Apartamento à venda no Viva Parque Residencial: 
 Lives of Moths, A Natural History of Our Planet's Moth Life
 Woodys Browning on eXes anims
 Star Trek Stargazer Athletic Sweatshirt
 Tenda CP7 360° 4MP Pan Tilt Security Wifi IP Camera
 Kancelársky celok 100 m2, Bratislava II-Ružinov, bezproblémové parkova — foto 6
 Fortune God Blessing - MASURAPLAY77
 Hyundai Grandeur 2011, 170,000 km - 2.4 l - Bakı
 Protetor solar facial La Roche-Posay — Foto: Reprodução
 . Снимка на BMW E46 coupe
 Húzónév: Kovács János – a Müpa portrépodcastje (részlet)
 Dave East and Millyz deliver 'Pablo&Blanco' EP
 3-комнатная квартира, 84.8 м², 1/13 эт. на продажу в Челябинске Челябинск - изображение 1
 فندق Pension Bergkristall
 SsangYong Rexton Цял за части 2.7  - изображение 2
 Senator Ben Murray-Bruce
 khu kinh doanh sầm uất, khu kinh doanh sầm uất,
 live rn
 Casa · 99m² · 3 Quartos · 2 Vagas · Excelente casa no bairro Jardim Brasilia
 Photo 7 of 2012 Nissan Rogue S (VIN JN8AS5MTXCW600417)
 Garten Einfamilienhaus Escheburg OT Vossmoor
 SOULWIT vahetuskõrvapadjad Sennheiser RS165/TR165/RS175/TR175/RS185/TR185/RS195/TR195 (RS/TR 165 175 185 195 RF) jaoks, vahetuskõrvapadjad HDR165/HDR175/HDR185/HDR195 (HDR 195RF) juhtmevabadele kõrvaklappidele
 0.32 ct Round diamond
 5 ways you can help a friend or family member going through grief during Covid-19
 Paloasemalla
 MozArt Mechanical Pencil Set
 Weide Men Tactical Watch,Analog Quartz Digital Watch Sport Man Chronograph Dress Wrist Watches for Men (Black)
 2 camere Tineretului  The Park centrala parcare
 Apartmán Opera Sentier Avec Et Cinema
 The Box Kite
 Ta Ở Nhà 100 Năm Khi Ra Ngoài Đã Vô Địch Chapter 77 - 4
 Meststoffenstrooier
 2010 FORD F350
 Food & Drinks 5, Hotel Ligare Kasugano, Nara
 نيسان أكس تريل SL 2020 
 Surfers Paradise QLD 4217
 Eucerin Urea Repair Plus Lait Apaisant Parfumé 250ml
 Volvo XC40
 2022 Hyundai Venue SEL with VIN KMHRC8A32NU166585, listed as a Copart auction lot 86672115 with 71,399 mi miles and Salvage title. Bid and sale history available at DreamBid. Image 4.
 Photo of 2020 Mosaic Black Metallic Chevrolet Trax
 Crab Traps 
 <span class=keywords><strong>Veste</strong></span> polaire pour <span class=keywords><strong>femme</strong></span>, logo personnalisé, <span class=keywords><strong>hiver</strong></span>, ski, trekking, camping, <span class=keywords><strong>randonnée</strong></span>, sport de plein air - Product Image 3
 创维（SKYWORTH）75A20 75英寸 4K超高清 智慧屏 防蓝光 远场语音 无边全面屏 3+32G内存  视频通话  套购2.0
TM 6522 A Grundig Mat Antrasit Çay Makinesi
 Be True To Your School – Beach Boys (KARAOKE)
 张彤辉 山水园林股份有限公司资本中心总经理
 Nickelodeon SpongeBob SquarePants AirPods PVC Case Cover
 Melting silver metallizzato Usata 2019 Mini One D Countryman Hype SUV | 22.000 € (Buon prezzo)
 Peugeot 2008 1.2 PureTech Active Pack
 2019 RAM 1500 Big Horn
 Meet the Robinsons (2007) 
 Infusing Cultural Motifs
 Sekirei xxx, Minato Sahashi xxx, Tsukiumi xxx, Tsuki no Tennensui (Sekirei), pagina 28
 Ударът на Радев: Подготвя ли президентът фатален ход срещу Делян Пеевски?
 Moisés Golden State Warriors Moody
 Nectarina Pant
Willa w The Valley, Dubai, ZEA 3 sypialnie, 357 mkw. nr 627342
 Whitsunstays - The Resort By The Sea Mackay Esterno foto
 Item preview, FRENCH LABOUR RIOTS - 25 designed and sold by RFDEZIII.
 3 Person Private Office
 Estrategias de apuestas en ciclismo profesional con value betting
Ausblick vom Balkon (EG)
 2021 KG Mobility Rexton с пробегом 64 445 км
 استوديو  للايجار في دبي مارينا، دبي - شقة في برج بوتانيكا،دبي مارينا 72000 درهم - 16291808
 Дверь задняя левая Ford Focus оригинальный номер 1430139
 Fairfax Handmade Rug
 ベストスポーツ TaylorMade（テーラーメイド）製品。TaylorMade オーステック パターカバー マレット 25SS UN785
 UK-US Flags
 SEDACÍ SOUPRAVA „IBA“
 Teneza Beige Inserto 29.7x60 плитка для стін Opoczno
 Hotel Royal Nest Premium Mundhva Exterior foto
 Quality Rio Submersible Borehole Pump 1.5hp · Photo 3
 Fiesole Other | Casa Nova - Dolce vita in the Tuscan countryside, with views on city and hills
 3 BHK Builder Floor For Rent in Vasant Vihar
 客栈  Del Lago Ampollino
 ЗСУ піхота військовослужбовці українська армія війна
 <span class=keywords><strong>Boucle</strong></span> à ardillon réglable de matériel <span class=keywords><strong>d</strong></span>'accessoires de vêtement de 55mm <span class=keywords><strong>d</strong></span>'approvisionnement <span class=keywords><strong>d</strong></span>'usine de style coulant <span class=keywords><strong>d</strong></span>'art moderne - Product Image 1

-------

• _Task objective_: Please retype all of the data above exactly as written.

• _Solution to this task_:
Apartamento à venda no Viva Parque Residencial: 
 Lives of Moths, A Natural History of Our Planet's Moth Life
 Woodys Browning on eXes anims
 Star Trek Stargazer Athletic Sweatshirt
 Tenda CP7 360° 4MP Pan Tilt Security Wifi IP Camera
 Kancelársky celok 100 m2, Bratislava II-Ružinov, bezproblémové parkova — foto 6
 Fortune God Blessing - MASURAPLAY77
 Hyundai Grandeur 2011, 170,000 km - 2.4 l - Bakı
 Protetor solar facial La Roche-Posay — Foto: Reprodução
 . Снимка на BMW E46 coupe
 Húzónév: Kovács János – a Müpa portrépodcastje (részlet)
 Dave East and Millyz deliver 'Pablo&Blanco' EP
 3-комнатная квартира, 84.8 м², 1/13 эт. на продажу в Челябинске Челябинск - изображение 1
 فندق Pension Bergkristall
 SsangYong Rexton Цял за части 2.7  - изображение 2
 Senator Ben Murray-Bruce
 khu kinh doanh sầm uất, khu kinh doanh sầm uất,
 live rn
 Casa · 99m² · 3 Quartos · 2 Vagas · Excelente casa no bairro Jardim Brasilia
 Photo 7 of 2012 Nissan Rogue S (VIN JN8AS5MTXCW600417)
 Garten Einfamilienhaus Escheburg OT Vossmoor
 SOULWIT vahetuskõrvapadjad Sennheiser RS165/TR165/RS175/TR175/RS185/TR185/RS195/TR195 (RS/TR 165 175 185 195 RF) jaoks, vahetuskõrvapadjad HDR165/HDR175/HDR185/HDR195 (HDR 195RF) juhtmevabadele kõrvaklappidele
 0.32 ct Round diamond
 5 ways you can help a friend or family member going through grief during Covid-19
 Paloasemalla
 MozArt Mechanical Pencil Set
 Weide Men Tactical Watch,Analog Quartz Digital Watch Sport Man Chronograph Dress Wrist Watches for Men (Black)
 2 camere Tineretului  The Park centrala parcare
 Apartmán Opera Sentier Avec Et Cinema
 The Box Kite
 Ta Ở Nhà 100 Năm Khi Ra Ngoài Đã Vô Địch Chapter 77 - 4
 Meststoffenstrooier
 2010 FORD F350
 Food & Drinks 5, Hotel Ligare Kasugano, Nara
 نيسان أكس تريل SL 2020 
 Surfers Paradise QLD 4217
 Eucerin Urea Repair Plus Lait Apaisant Parfumé 250ml
 Volvo XC40
 2022 Hyundai Venue SEL with VIN KMHRC8A32NU166585, listed as a Copart auction lot 86672115 with 71,399 mi miles and Salvage title. Bid and sale history available at DreamBid. Image 4.
 Photo of 2020 Mosaic Black Metallic Chevrolet Trax
 Crab Traps 
 <span class=keywords><strong>Veste</strong></span> polaire pour <span class=keywords><strong>femme</strong></span>, logo personnalisé, <span class=keywords><strong>hiver</strong></span>, ski, trekking, camping, <span class=keywords><strong>randonnée</strong></span>, sport de plein air - Product Image 3
 创维（SKYWORTH）75A20 75英寸 4K超高清 智慧屏 防蓝光 远场语音 无边全面屏 3+32G内存  视频通话  套购2.0
TM 6522 A Grundig Mat Antrasit Çay Makinesi
 Be True To Your School – Beach Boys (KARAOKE)
 张彤辉 山水园林股份有限公司资本中心总经理
 Nickelodeon SpongeBob SquarePants AirPods PVC Case Cover
 Melting silver metallizzato Usata 2019 Mini One D Countryman Hype SUV | 22.000 € (Buon prezzo)
 Peugeot 2008 1.2 PureTech Active Pack
 2019 RAM 1500 Big Horn
 Meet the Robinsons (2007) 
 Infusing Cultural Motifs
 Sekirei xxx, Minato Sahashi xxx, Tsukiumi xxx, Tsuki no Tennensui (Sekirei), pagina 28
 Ударът на Радев: Подготвя ли президентът фатален ход срещу Делян Пеевски?
 Moisés Golden State Warriors Moody
 Nectarina Pant
Willa w The Valley, Dubai, ZEA 3 sypialnie, 357 mkw. nr 627342
 Whitsunstays - The Resort By The Sea Mackay Esterno foto
 Item preview, FRENCH LABOUR RIOTS - 25 designed and sold by RFDEZIII.
 3 Person Private Office
 Estrategias de apuestas en ciclismo profesional con value betting
Ausblick vom Balkon (EG)
 2021 KG Mobility Rexton с пробегом 64 445 км
 استوديو  للايجار في دبي مارينا، دبي - شقة في برج بوتانيكا،دبي مارينا 72000 درهم - 16291808
 Дверь задняя левая Ford Focus оригинальный номер 1430139
 Fairfax Handmade Rug
 ベストスポーツ TaylorMade（テーラーメイド）製品。TaylorMade オーステック パターカバー マレット 25SS UN785
 UK-US Flags
 SEDACÍ SOUPRAVA „IBA“
 Teneza Beige Inserto 29.7x60 плитка для стін Opoczno
 Hotel Royal Nest Premium Mundhva Exterior foto
 Quality Rio Submersible Borehole Pump 1.5hp · Photo 3
 Fiesole Other | Casa Nova - Dolce vita in the Tuscan countryside, with views on city and hills
 3 BHK Builder Floor For Rent in Vasant Vihar
 客栈  Del Lago Ampollino
 ЗСУ піхота військовослужбовці українська армія війна
 <span class=keywords><strong>Boucle</strong></span> à ardillon réglable de matériel <span class=keywords><strong>d</strong></span>'accessoires de vêtement de 55mm <span class=keywords><strong>d</strong></span>'approvisionnement <span class=keywords><strong>d</strong></span>'usine de style coulant <span class=keywords><strong>d</strong></span>'art moderne - Product Image 1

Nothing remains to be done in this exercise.